Sekswerker C ontvangt klanten aan huis in haar erotische massagesalon. Tijdens een inval van de politie in verband met een anonieme melding van een hennepkwekerij in de woning ziet de politie de werkkamer van sekswerker C. Zij maken daarvan een melding bij de gemeente. Enkele weken later ontvangt sekswerker C een brief van de gemeente waarin staat dat zij per direct dient te stoppen met haar werkzaamheden. Voor de koopwoning is een bestemmingsplan van toepassing. In dit bestemmingsplan is de woning aangewezen als ‘wonen-1’. Bij de gebruiksregels is vermeld dat seksinrichtingen in de woning niet zijn toegestaan. De erotische massagesalon wordt aangemerkt als seksinrichting. Sekswerker C is echter van mening dat haar massagesalon geen seksinrichting is en dat zij aangemerkt dient te worden als thuiswerker. Deze vorm van thuiswerk is – onder bepaalde voorwaarden – wel in de woning toegestaan.

Via Proud komt sekswerker C in contact met een advocaat. Met behulp van deze advocaat maakt de sekswerker bezwaar tegen het verbod van de gemeente. Sekswerker C en haar partner gaan hierover in gesprek met de gemeente. In dit gesprek geeft de gemeente een aantal alternatieven voor de erotische massagesalon aan huis. Zij zijn van mening dat de sekswerker bij klanten thuis haar werkzaamheden kan verrichten. Eveneens zou zij op een andere locatie een pand kunnen huren waar zij klanten kan ontvangen. In verband met het waarborgen van haar veiligheid vindt de sekswerker beide opties geen realistisch alternatief.

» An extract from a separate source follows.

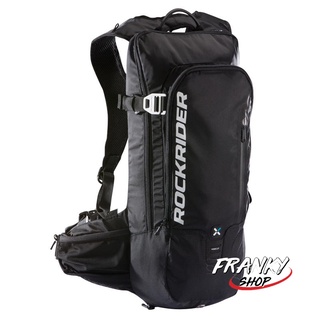 เป้น้ำสำหรับจักรยานเสือภูเขารุ่น กระเป๋าจักรยาน Bicycle bag Mountain Biking 12L/2L Hydration Backpack ST 900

Zowel de sekswerker als haar partner hebben er weinig vertrouwen in dat zij haar werkzaamheden als erotisch masseur voort mag zetten op dezelfde locatie. Zij is daarom inmiddels begonnen aan een opleiding, zodat zij – indien nodig – over kan stappen naar een andere vorm van dienstverlening vanuit huis. Omdat het bezwaar van sekswerker C tegen de gemeente nog loopt, is de gemeente niet bereid de onderzoekers informatie te verstrekken over deze casus.

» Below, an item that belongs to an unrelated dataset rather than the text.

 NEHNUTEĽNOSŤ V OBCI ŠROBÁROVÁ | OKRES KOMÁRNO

Problemen met instanties 37

3.7 Lokaal prostitutiebeleid

Drie sekswerkers hebben problemen met lokale regelgeving. Twee sekswerkers hebben een probleem met regiobinding en één sekswerker heeft problemen met een lokale regeling voor raamsekswerkers.

Regiobinding

Twee sekswerkers (sekswerkers E en F) ondervinden problemen doordat zij geen binding hebben met een bepaalde regio. Sekswerker E is afkomstig uit Oost-Europa, terwijl sekswerker F een Marokkaans/Nederlandse achtergrond heeft. Veel voorzieningen die door de gemeente betaald worden zijn uitsluitend toegankelijk voor mensen die binding hebben met de gemeente c.q. regio die zij bedienen. Iemand kan binding hebben met een regio omdat hij (of zij) al gedurende een aantal jaren in de regio woont, omdat hij in deze regio is opgegroeid of omdat veel familie in de regio woont. Wanneer hij hulp vraagt in een gemeente waar deze persoon geen regiobinding heeft, dan wordt hij verwezen naar de regio waar wel een economische band mee is. Een hulpverlener van het Leger des Heils merkt op dat het voor sekswerkers zonder binding met een regio erg moeilijk is hulp te vinden. Zij geeft aan dat met name vrouwen die niet opgegroeid zijn in Nederland vaak geen regiobinding hebben. Omdat deze vrouwen regelmatig in een andere gemeente in Nederland gaan werken wordt er geen binding met een regio opgebouwd. Hierdoor hebben zij geen recht op hulpverlening, zorgindicatie of uitkering. Volgens de hulpverlener speelt bij deze vrouwen vaak een combinatie van problemen. Schulden, problemen met huisvesting, contact met justitie, een beperkt sociaal netwerk en onvoldoende kennis van de Nederlandse taal zorgen ervoor dat de hulpvraag van deze vrouwen complex is. Verschillende hulpverleningsorganisaties zouden volgens de hulpverlener dan moeten worden ingeschakeld. Omdat niet duidelijk is bij wie de verantwoordelijkheid ligt, stellen deze organisaties zich vaak afwachtend op. Deze hulpverlener merkt op dat de sekswerkers vaak niet het geduld en de mogelijkheden hebben om te wachten op dit traject. Volgens haar verdwijnt zo’n 90% van de sekswerkers die dit proces doorlopen uit beeld voordat zij hulp kunnen ontvangen.

Daarnaast verblijft een deel van de sekswerkers die bij hulpverleningsorganisaties om hulp vragen illegaal in Nederland. Zij zijn volgens de hulpverleners vaak op eigen initiatief naar Nederland gekomen om als sekswerker geld te kunnen verdienen. Een deel van deze sekswerkers is naar Nederland gekomen met een werkvergunning, maar is zich er niet van bewust dat deze werkvergunning inmiddels is verlopen, waardoor zij momenteel illegaal in Nederland verblijven. De hulpverleenster geeft aan dat wanneer niet-Nederlandse sekswerkers een zorgtraject, uitstaptraject of een uitkering aanvragen, zij hen vertelt dat hun gegevens door de gemeente worden opgevraagd en gecontroleerd. Wanneer zij (onbewust) illegaal in Nederland verblijven, zal dit bekend worden en zullen zij waarschijnlijk worden uitgezet. Veel sekswerkers willen dit risico niet nemen en zien af van hun aanvraag voor een hulptraject.